Image of Osofisan and the director, Tunde Awosanmi. Photo credit: Olakunbi Olasope

As I have noted elsewhere, Osofisan writes these adaptations to depict his unwavering attention to his own historical and cultural contexts, his ideological purposes and his philosophical predilections. Consequently, he has found the Greek classics to be the appropriate template for these re-workings. Although every dramatic play is a cultural product of the specific historical and socio-cultural environment within which it is produced, the potency and effectiveness of the Medea plot has inspired this version despite  differences in contexts, location and period, and it has provided an opportunity to investigate the character of the granddaughter of the Sun-God, Medea, but in this instance, Medaye, daughter of Oya, Goddess of the sea, not so much as every woman but as a particular woman with a specific understanding of her own situation, and thus reacting as an individual to the dramatic changes brought to bear on her status within her own family, if not her society. This is the nut that the playwright throws into the midst of the audience in these previews of the play. The play complies with the theatrical conventions of the time of its original production, and these have ensured its communicability with the audience it is designed for and beyond. In this sense, the play is inspired by cross-cultural syncretism. As with other such adaptations, the resonance of the Greek classic is evident to that knowing section of the audience, and this helps to make a case for the continued study of the discipline of classics at the University of Ibadan. It is no news that the discipline is under siege in different parts of the world.
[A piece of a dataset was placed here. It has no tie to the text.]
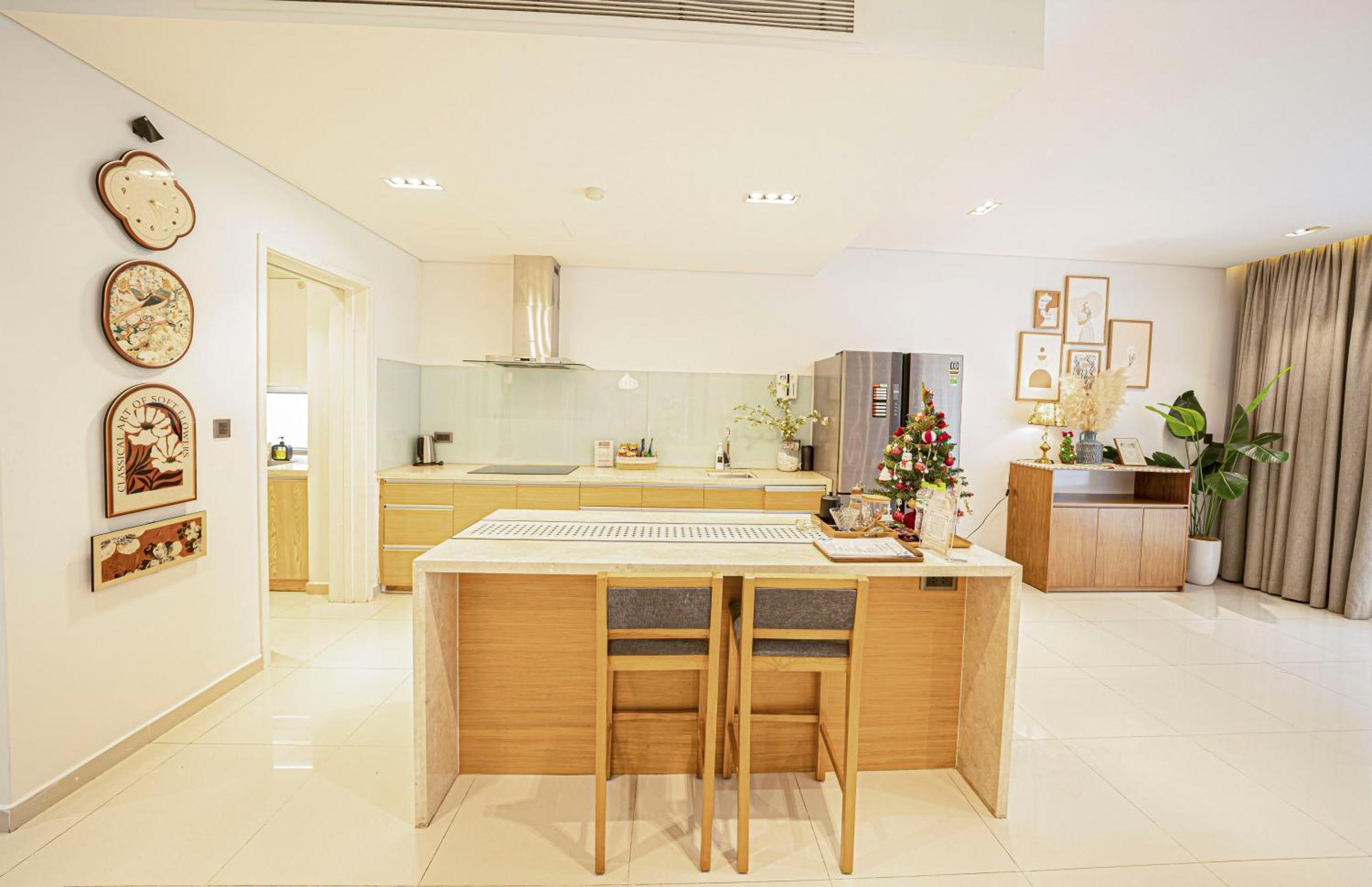 "Brg Golf Club" - Danang Private Pool Villa 3 Bedrooms #3 Екстер'єр фото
Greek drama has continued to be relevant because of its ability to speak to a mutable world. In the play, Osofisan has once again re-defined our connections with ancient Greek culture, and with culture anywhere else in the world, by manipulating elements that provoke the audience to take positions as the drama unfolds.  The production of a classical play, therefore, in contemporary times denotes an act more than transferring the classical dramatic text from its original socio-cultural environment to another, contemporary, socio-cultural context. In following the practice of drawing on traditional mythology as a means of re-examining contemporary realities, Osofisan based the plot of his Medaye on Euripides’ Medea, which itself is based on a Greek myth of inordinate conjugal love. Medaye is a tragic play in which the eponymous character murdered her two brothers and her own children alongside her husband’s new bride in blind jealousy. But how blind is this jealousy?  In the play, we go beyond seeing, participating, and experiencing the tragedy of the character of Medaye and her obsession with her husband, Atipo, which leads to the obliteration of the lives of those whom she holds dear. We are called on to critically comment on her motivations vis-à-vis the motivations of the other protagonists whose actions lead Medaye to her own decisions. For these dastardly acts, she has been both acclaimed and criticised. Osofisan, again, unsettles his audience as he is wont to do in this play. Osofisan’s drama concerns the position and treatment of women and outsiders in Yoruba culture. Medaye, the foreigner, female, sorceress, and murderer of her own children, is the archetypal transgressive outsider. She crushes Atipo through his sons—tragic betrayal, revenge, infanticide are crucial to the play.